パラグラフ | 抜粋原文(太字は GDP 影響の定量部分) |
C.12 (ヘッドライン) |
Mitigation options costing USD100 tCO2-eq–1 or less could reduce global GHG emissions by at least half the 2019 level by 2030 (high confidence). Global GDP continues to grow in modelled pathways64 but, without accounting for the economic benefits of mitigation action from avoided damages from climate change nor from reduced adaptation costs, it is a few percent lower in 2050 compared to pathways without mitigation beyond current policies. |
C.12.2 |
“The aggregate effects of climate-change mitigation on global GDP are small compared to global projected GDP growth … For example, compared to pathways that assume the continuation of policies implemented by the end of 2020, assessed global GDP reached in 2050 is reduced by 1.3 – 2.7 % in modelled pathways assuming coordinated global action … to limit warming to 2 °C (>67%). The corresponding average reduction in annual global GDP growth over 2020 – 2050 is 0.04 – 0.09 percentage points. … For modelled global pathways in other temperature categories, the reductions in global GDP in 2050 … are 2.6 – 4.2 % (C1, ≈1.5 °C), 1.6 – 2.8 % (C2), 0.8 – 2.1 % (C4), 0.5 – 1.2 % (C5). The corresponding reductions in average annual global GDP growth are 0.09 – 0.14, 0.05 – 0.09, 0.03 – 0.07, 0.02 – 0.04 percentage points, respectively. … In all assessed modelled pathways, global GDP is projected to at least double over 2020 – 2050, regardless of mitigation level.” |
C.12.3 |
“Models that incorporate the economic damages from climate change find that the global cost of limiting warming to 2 °C over the 21st century is lower than the global economic benefits of reducing warming, unless (i) climate damages are towards the low end of the range; or (ii) future damages are discounted at high rates.” |
表3 AR6政策決定者向け要約(SPM)における排出量削減(mitigation)がGDPに与える影響の記述
このように、07年には2℃目標ですら実現不可能であったはずなのに、22年には1.5℃目標が低コストで容易に達成できる、という結論に180度変わってしまった。この「研究成果」のおかげで、各国政府はネットゼロ政策にまい進することができるようになった。
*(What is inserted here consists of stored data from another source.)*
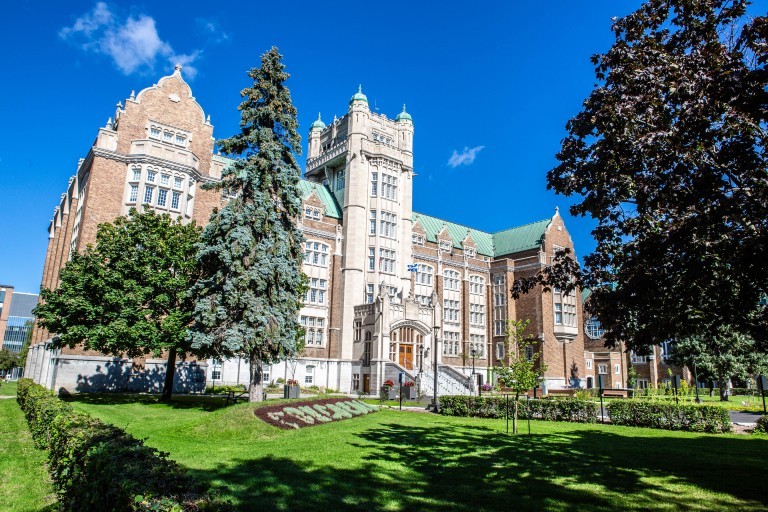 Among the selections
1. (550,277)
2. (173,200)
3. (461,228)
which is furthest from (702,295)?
(461,228)

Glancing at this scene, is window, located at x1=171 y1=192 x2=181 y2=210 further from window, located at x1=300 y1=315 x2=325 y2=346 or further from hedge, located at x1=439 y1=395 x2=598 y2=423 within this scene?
hedge, located at x1=439 y1=395 x2=598 y2=423

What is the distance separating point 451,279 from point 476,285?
3.76 m

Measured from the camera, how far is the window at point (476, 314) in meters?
54.5

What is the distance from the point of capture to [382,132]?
1939 inches

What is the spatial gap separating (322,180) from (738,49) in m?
43.0

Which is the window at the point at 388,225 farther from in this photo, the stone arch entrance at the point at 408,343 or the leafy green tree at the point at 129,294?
the leafy green tree at the point at 129,294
気候危機ナラティブに沿う研究をすることを、政治はエネルギーシステム分析業界に要請し、業界はまさにその意に従ったわけだ。
ここには科学を貫くと言う態度など微塵もない。
ちなみに日本のエネルギーシステム分析業界の先生方も、10年前であれば「50年CO2ゼロ」などとインフィージブルなことをいうとバカ扱いしていたはず。それがいまは「実現不可能です」「途方もなくコストがかかります」とはっきり公言する人はほとんどいない。学会では50年CO2ゼロというシナリオの発表であふれかえっている。
だが10年のうちに言うことが180度変わるのはどう考えても科学者のやるべきことではない。出世したいのか予算が欲しいのか、それとも非難や嫌がらせが心配なのか、あるいは単に目立たないようにしたいのか。動機はそれぞれだと思うけれど、この無節操振りにはあきれ返る。残念なことに、学者ほど信用できない人種はいない、という思いを禁じ得ない。